# Electric company security light problem



## momagoat61 (Mar 30, 2008)

I have a electric company installed security light and I recently had it moved to another location and now the light is shining directly on my front porch, I had the light moved because the tree trimming company was going to have to trimmer two trees and cut one all the way down in my yard due the the security light only,these are large, largeeeeeeee trees I said noway are you cutting these trees, I said I'll call and have the security light moved to the pole that has the transformer on it 200 feet away before I will have those trees cut down. Now the light shines on from front porch way to much, has anyone ever had a light blocker installed on the glode and if so do they work to block the light from glaring. The way I have been reading about them they direct the light stright down, which I would be good with that. If anyone has a lite blocker installed on a high beame security light I would like to hear from you please. 
Its either the lite blocker or the light will have to be uninstalled... which I really don't want to do.


----------



## AngieM2 (May 10, 2002)

Good luck. Really sorry it shines on the porch.

Is there a way for a switch to be installed or a motion sensor, so only when someone is within a certain range, it will come on for XX minutes?

My neighbor has one that shines on my front porch, and she thinks she's doing me a favor - I love when we have power outages and it's off.

Good luck.


----------



## dkhern (Nov 30, 2012)

i dont like 'night watchers' here the customer has to pay the electric bill. i tell power co to remove. i suspect you are paying also. im not aware of any that are controlable other than on at dark and off when light


----------



## Conhntr (Aug 7, 2010)

My neighboor has one as well. Inalwas wondered why someone would want a big giant light like that on all the time? Good for me though it shines on the worst section of my driveway and is not visible from my house!


----------



## Raymond James (Apr 15, 2013)

I have not heard of a light blocker for such a light but would be interested in hearing about it. I suppose one could if you could get that high spray paint part of the globe.


----------



## TnAndy (Sep 15, 2005)

Conhntr said:


> My neighboor has one as well.

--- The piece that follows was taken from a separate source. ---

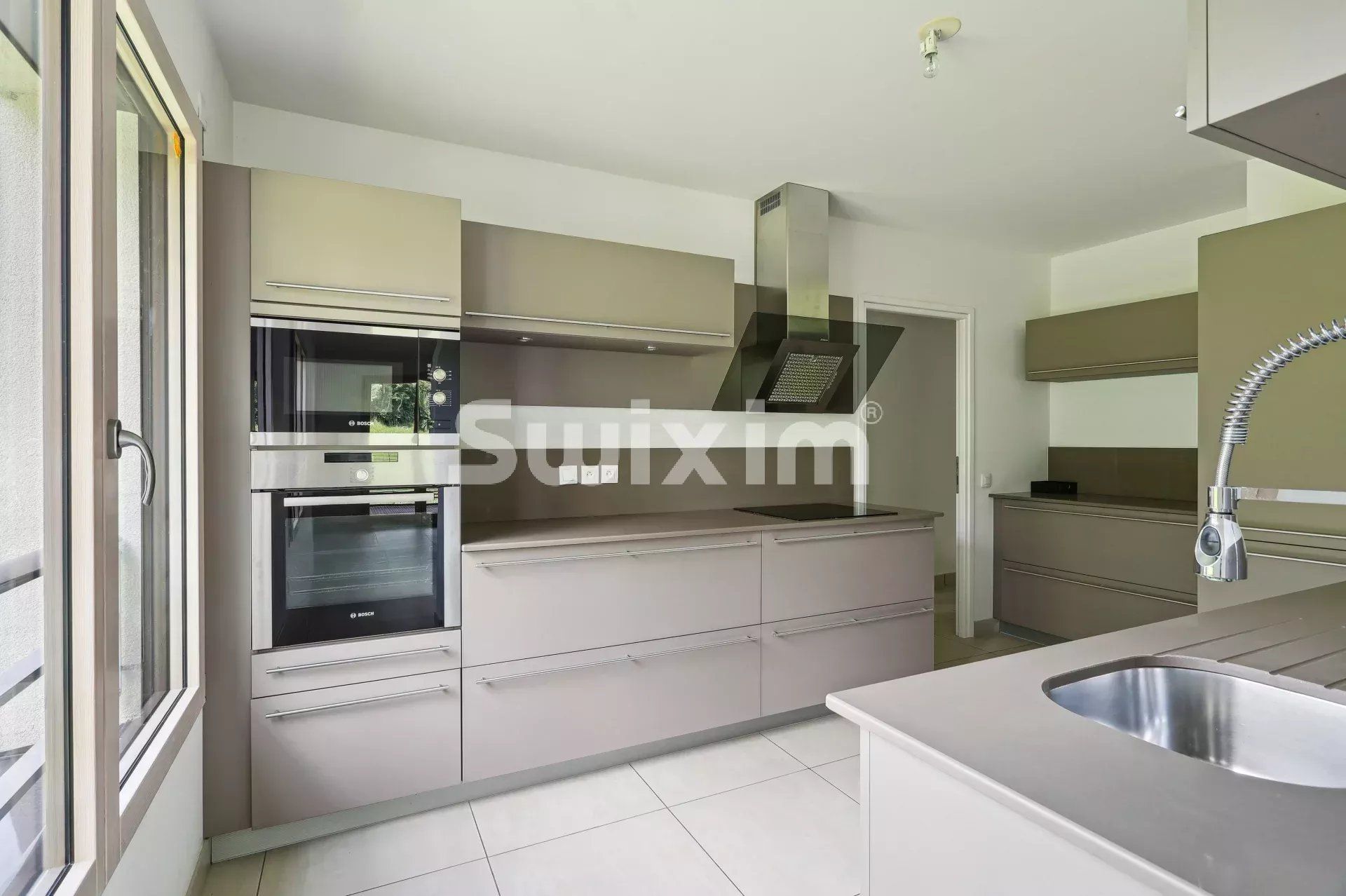 appartamento 4 Camere in vendita su Divonne-les-Bains (01220)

Inalwas wondered why someone would want a big giant light like that on all the time?


They call them "security lights". Seems to me you're merely giving someone that doesn't know your property a spotlight to see what to steal and how to get around to do so. 

My place is DARK at night....anybody that comes here better bring their own dadgum light ( which I'd then see as well ) or be tripping over stuff/stepping in holes, in which case I'll hear them moaning in the dark...ahahahaaaaa.

I DO have a lot of flood lights I can control from a bank of switches from the house. I can light the place up light a prison yard IF I need to.

One reason we left town was all the light pollution.


----------



## AngieM2 (May 10, 2002)

TnAndy - you do it the way I think it should be done and for the same reasons.


----------



## Conhntr (Aug 7, 2010)

Bst part is even though the burglar is bumbling around in the pitch black the dogs never seem to have a problem running 40mph in the dark and not bumping into anything. Daylight they might have a chance. In the dark there is no way they will get sway from the dogs!


----------



## seven7seven (Apr 29, 2013)

It will work. The sheild just needs to be lower than the source of the light and it will cast a perfect shadow staight to the ground on whichever side of the light you placed it on but flood in on the side you did not. Simple enough. But I would just shoot it out and get my own LED on Motion as you are surely paying for that one.


----------